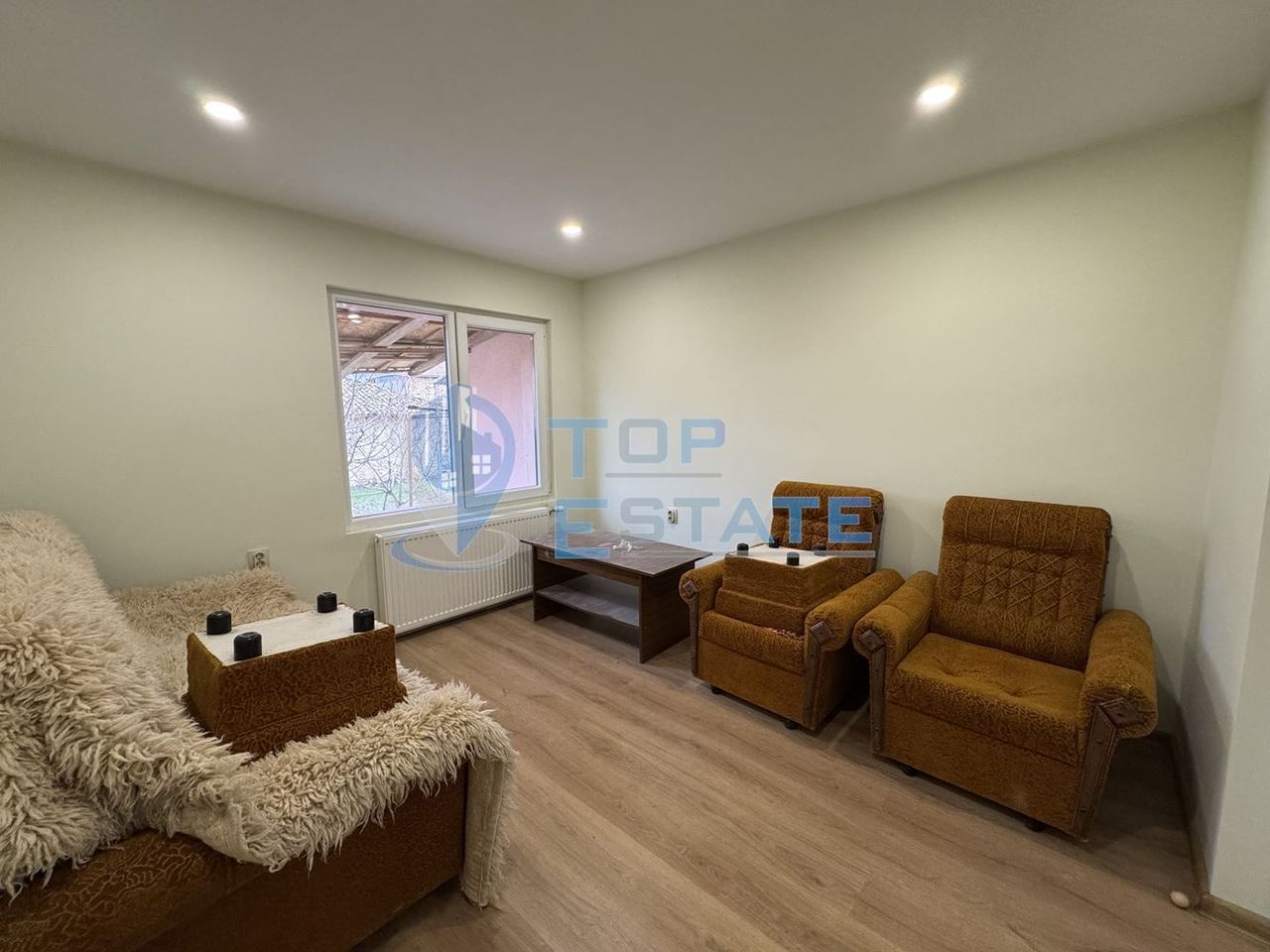 Продава се Къща в с. Джулюница, Област Велико Търново - 90 кв.м за 723 €/кв.м - Снимка #8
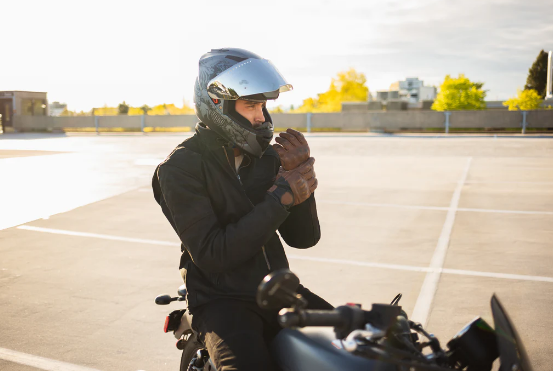 Essential Gear Every Motorcycle Rider Should Consider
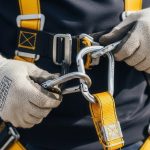 Lavoratore con DPI anticaduta come le cinture con cosciali conformi alla UNI EN 813:2024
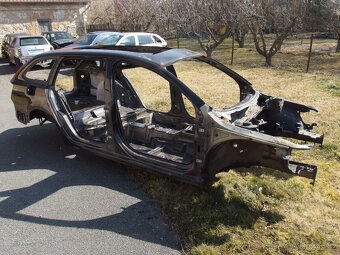 Skelet karoserie Škoda Superb II combi - 6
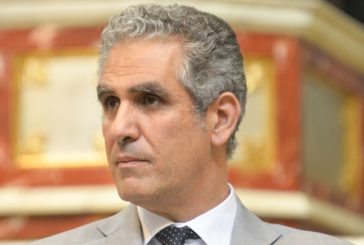 FOA ACCOGLIE LA RICHIESTA DELLA VIGILANZA E SI DIMETTE DA RAI COM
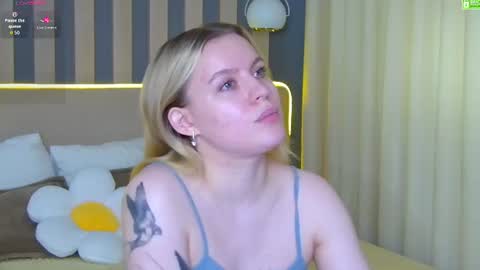 Snapshot of amaliabell chatting on 06/28/26, 01:17 Amalia online show from 06/28/26, 01:17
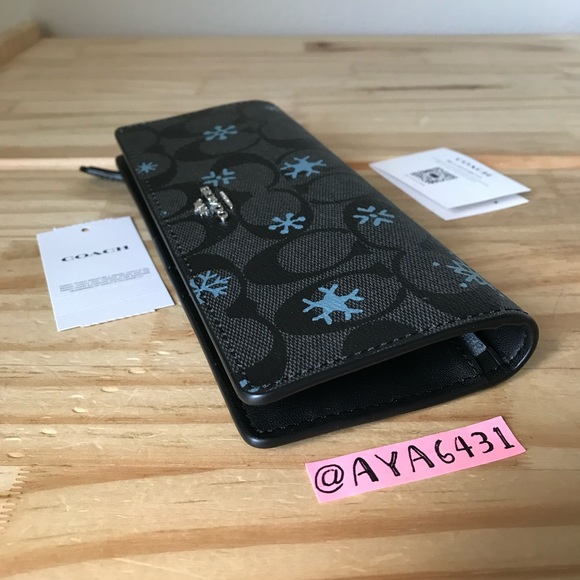 Coach Wallet🎈🎈 - Picture 3 of 8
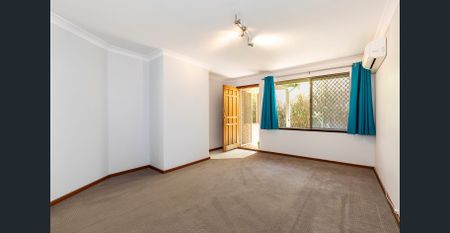 Spacious Two-Bedroom Unit with Large Backyard - Photo 2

______

(EXERCISE DESCRIPTION):
For this exercise, transcribe exactly only the lines from the one containing "Essential Gear Every" through the end of the listing, inclusive, without the pictures.

(ANSWER FOR THIS EXERCISE):
 Essential Gear Every Motorcycle Rider Should Consider
 Lavoratore con DPI anticaduta come le cinture con cosciali conformi alla UNI EN 813:2024
 Skelet karoserie Škoda Superb II combi - 6
 FOA ACCOGLIE LA RICHIESTA DELLA VIGILANZA E SI DIMETTE DA RAI COM
 Snapshot of amaliabell chatting on 06/28/26, 01:17 Amalia online show from 06/28/26, 01:17
 Coach Wallet🎈🎈 - Picture 3 of 8
 Spacious Two-Bedroom Unit with Large Backyard - Photo 2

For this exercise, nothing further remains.